Profile B: 58-year-old in the 20% slab, 3-year horizon for capital preservation. Conservative hybrid loses less to tax than the naive comparison suggests, because at the 20% slab the slab-rate hit is 20.8% (with cess) versus 13% in bucket 3 — but bucket 3 funds run 35% to 65% equity, with materially higher drawdown risk. For a true capital-preservation goal a conservative hybrid or an arbitrage fund (taxed as equity at 12.5% LTCG) usually dominates.

Profile C: 45-year-old in the 30% slab, 5-year horizon, prefers managed asset allocation. Balanced advantage funds were designed for this audience. The bucket 3 LTCG rate of 12.5% (no indexation, holding > 24 months) is the second-best outcome after Section 112A, and these funds typically deliver equity-like upside in bull cycles with debt-like cushioning in drawdowns. Verify the fact sheet shows continuous gross equity above 65% if the scheme claims equity-oriented status — otherwise the assessing officer can challenge the categorisation.

For tax planning that combines hybrids with Section 80C instruments, the cleaner long-term equity exposure of ELSS often pairs better than an aggressive hybrid, because ELSS gets both the equity tax treatment and the Section 80C deduction (only available in the old regime). For investors using the NPS calculator to model retirement corpora, the 60% lumpsum withdrawal at 60 is tax-free under Section 10(12A) — a separate mechanism altogether.

Practical allocation guidance

A useful rule of thumb: any allocation where the AMC's declared equity weight has stayed in a narrow band for at least 24 months is safe to assume will hold. SEBI's mutual fund regulations require schemes to maintain their categorisation; persistent breach forces re-categorisation. AMFI publishes monthly portfolio disclosures at amfiindia.com that let an investor verify the claim before purchase.

A second rule: avoid mixing arbitrage exposure with directional equity exposure inside a single hybrid, unless the AMC clearly hedges. Some BAFs hold 70% to 95% gross equity but 30% to 55% net equity after derivative hedges; these are correctly classified as equity-oriented under Section 112A because gross equity satisfies the 65% Indian equity test (the long position counts, not the net of hedges). HDFC Balanced Advantage and ICICI Prudential Balanced Advantage are the largest schemes following this construction.
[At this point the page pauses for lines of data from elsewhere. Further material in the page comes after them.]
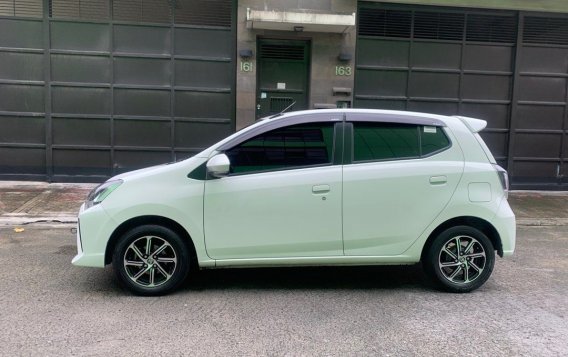 Selling White Toyota Wigo 2021 in Quezon City-3
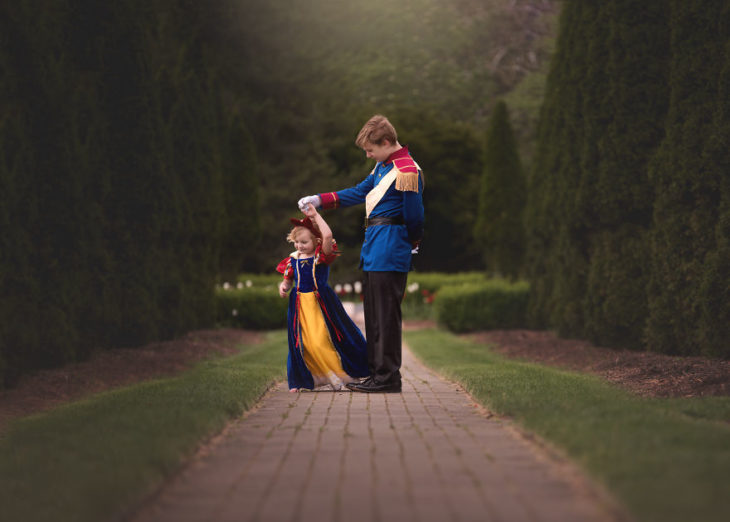 Hermanos en una sesión de fotos al estilo Disney, con princesas 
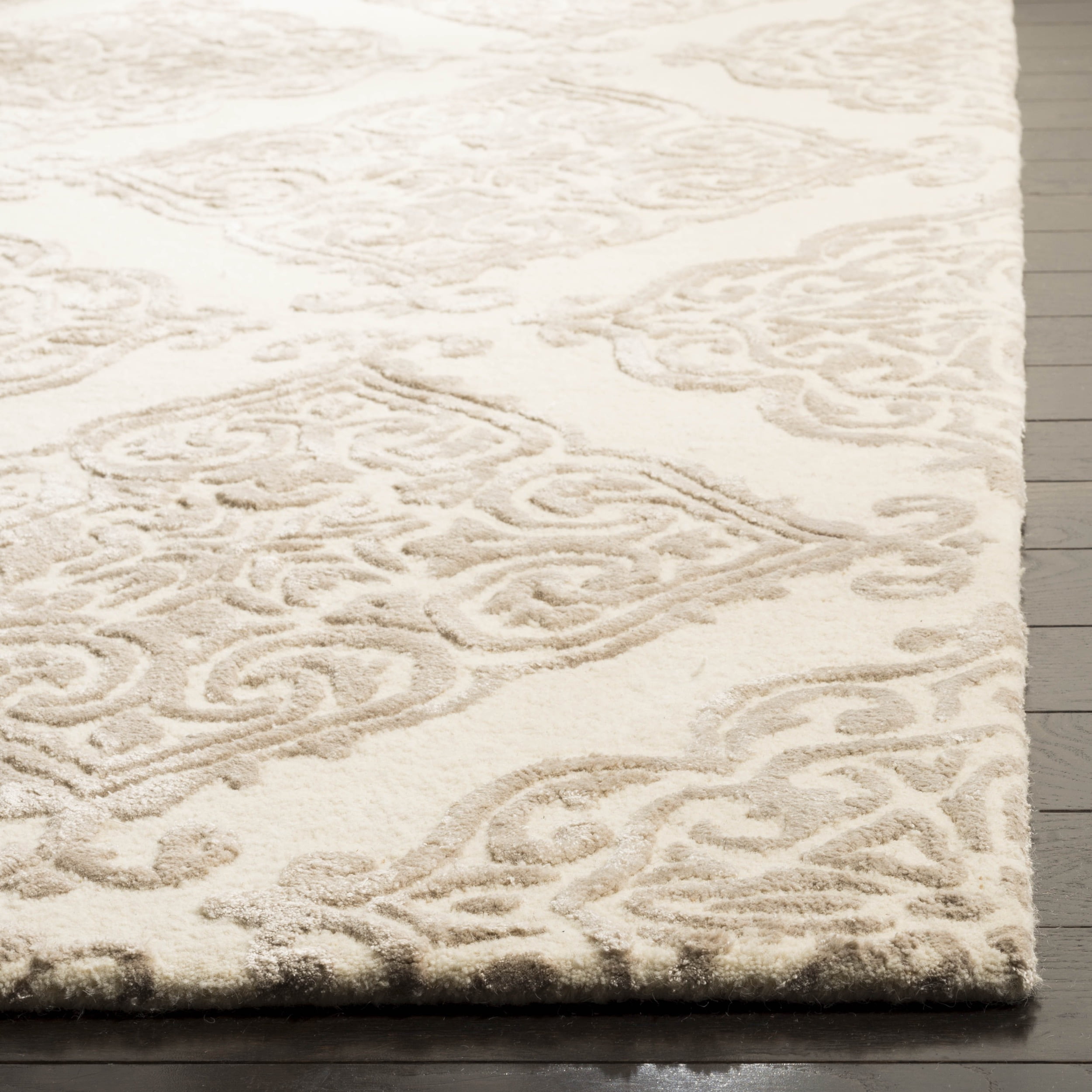 SAFAVIEH Glamour Georgene Damask Area Rug, Ivory/Beige, 4' x 6'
The third rule is record-keeping. From AY 2025-26 onwards the equity versus debt fund versus other-hybrid distinction has to be reflected in Schedule CG of the ITR. The fund house's annual capital gains statement now flags this. Investors who mix funds across the three buckets in a single financial year should keep the statement segregated by bucket before filing.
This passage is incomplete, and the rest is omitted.